- _EXERCISE DETAILS_
Below are records that should be duplicated exactly, with no image retained.

━━━━━━━━━━━━━━━━

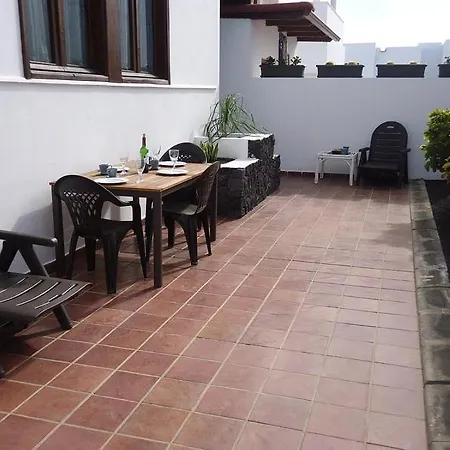Apartment Apartment, Marina Rubicon *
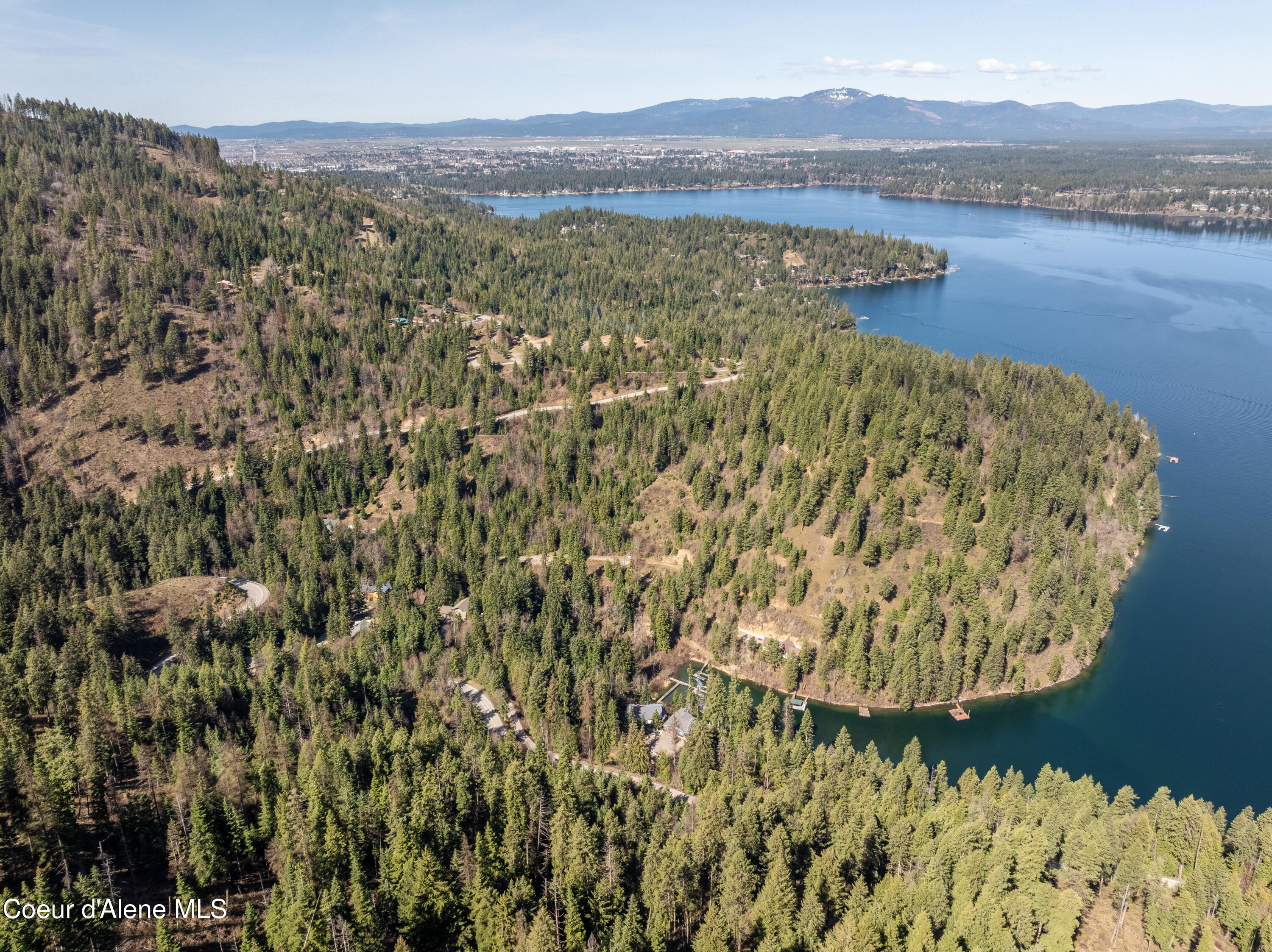 8563 N Rhapsody Ln, Hayden, Alaska image 15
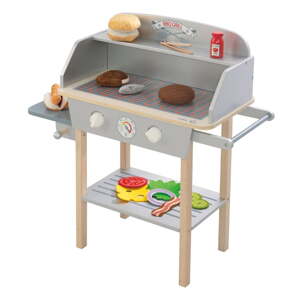 Dječji roštilj BBQ Grill - Roba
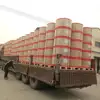 405mm 640mm 880mm Width Thermal Paper Jumbo Roll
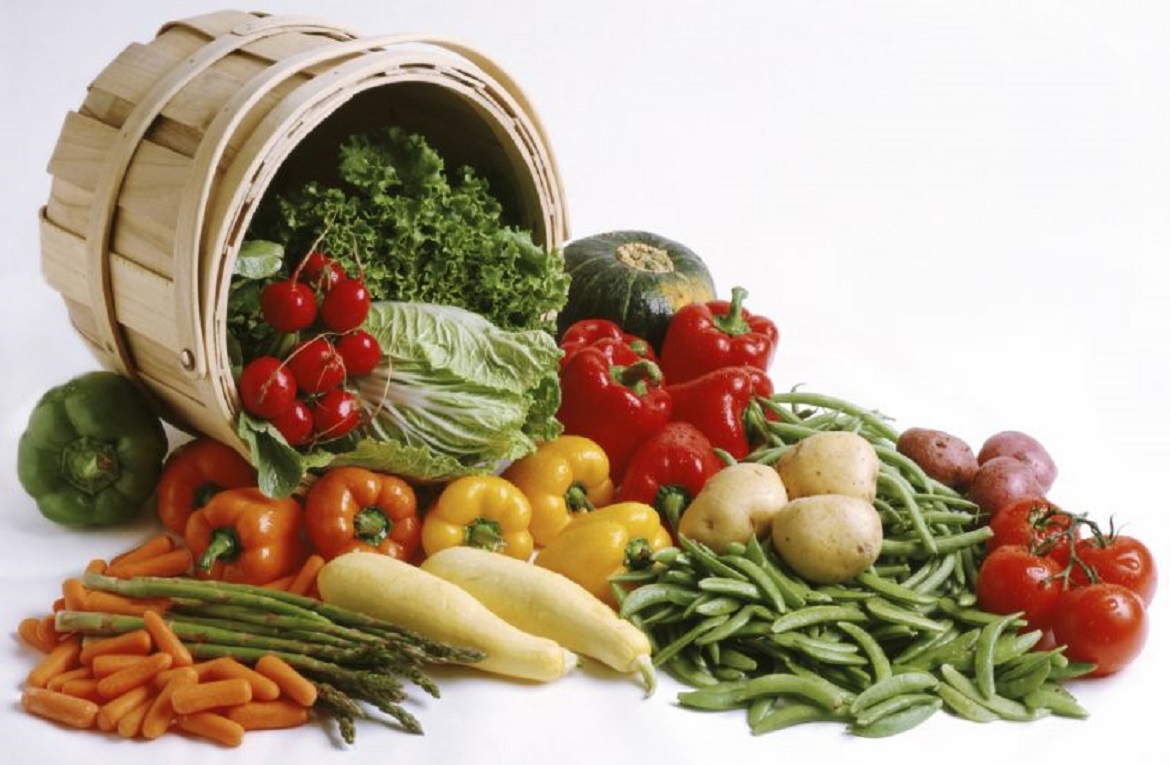 Ricette fresche per una primavera gustosa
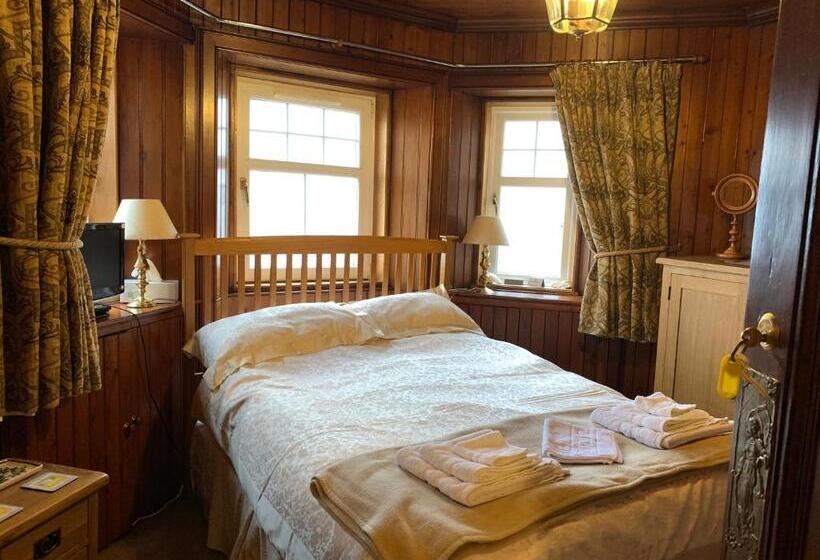 스탠다드 룸, Dunivaig B&b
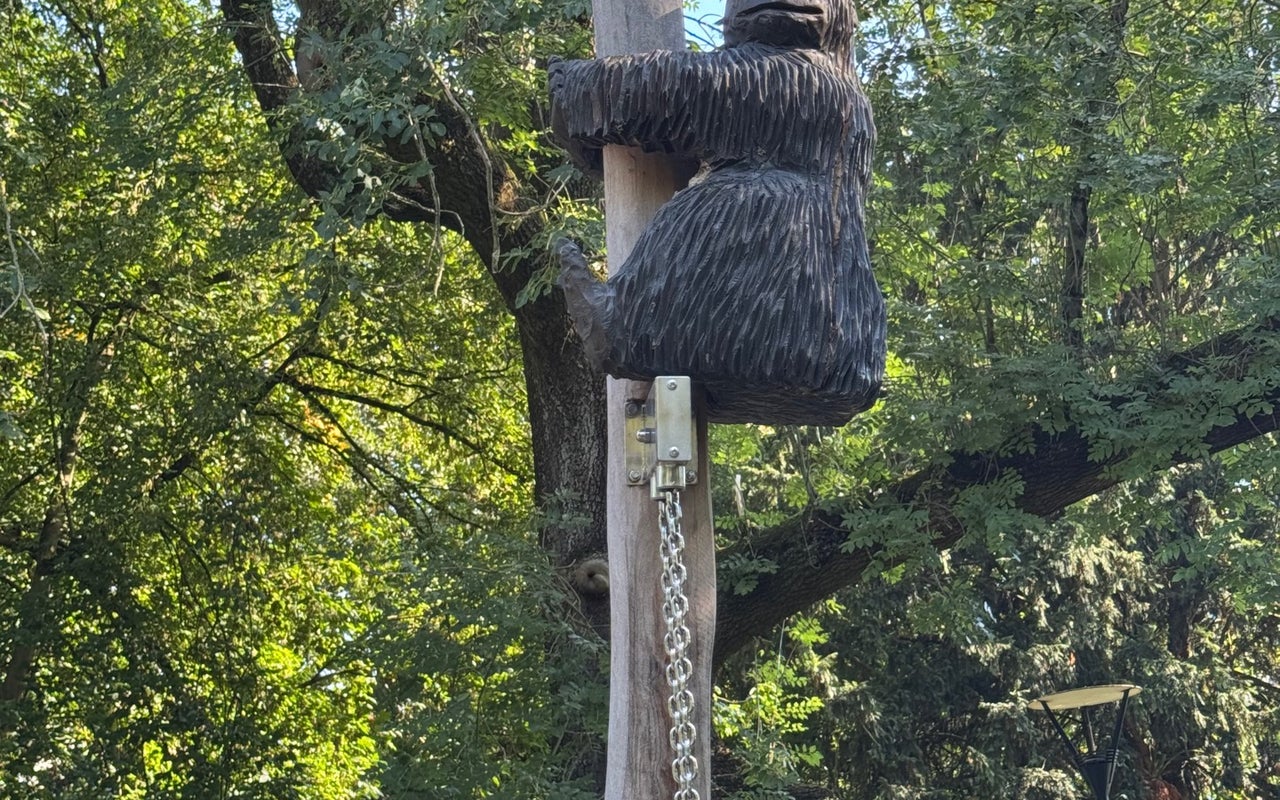 Muinkpark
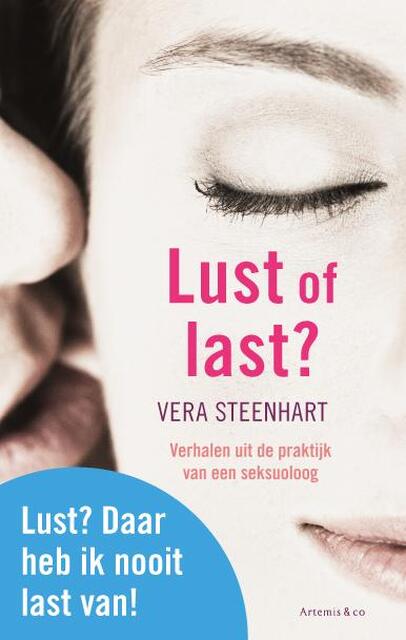 Lust of last? - Vera Steenhart Lust of last? - Vera Steenhart
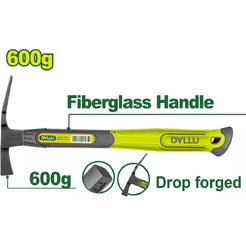 Молоток Dyllu DTHM3306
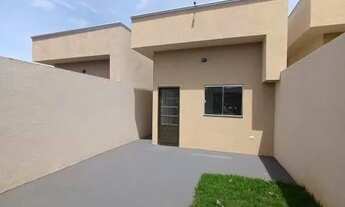 Imagem: Vendo casa em Piranema - Cariacica - ES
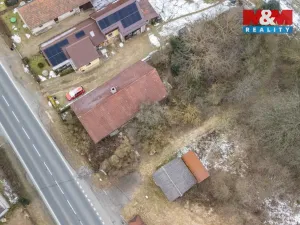 Prodej rodinného domu, Chocenice - Zhůř, 145 m2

━━━━━━━━━━━━━━━━

- _RESULT BELOW_
Apartment Apartment, Marina Rubicon *
 8563 N Rhapsody Ln, Hayden, Alaska image 15
 Dječji roštilj BBQ Grill - Roba
 405mm 640mm 880mm Width Thermal Paper Jumbo Roll
 Ricette fresche per una primavera gustosa
 스탠다드 룸, Dunivaig B&b
 Muinkpark
 Lust of last? - Vera Steenhart Lust of last? - Vera Steenhart
 Молоток Dyllu DTHM3306
 Imagem: Vendo casa em Piranema - Cariacica - ES
 Prodej rodinného domu, Chocenice - Zhůř, 145 m2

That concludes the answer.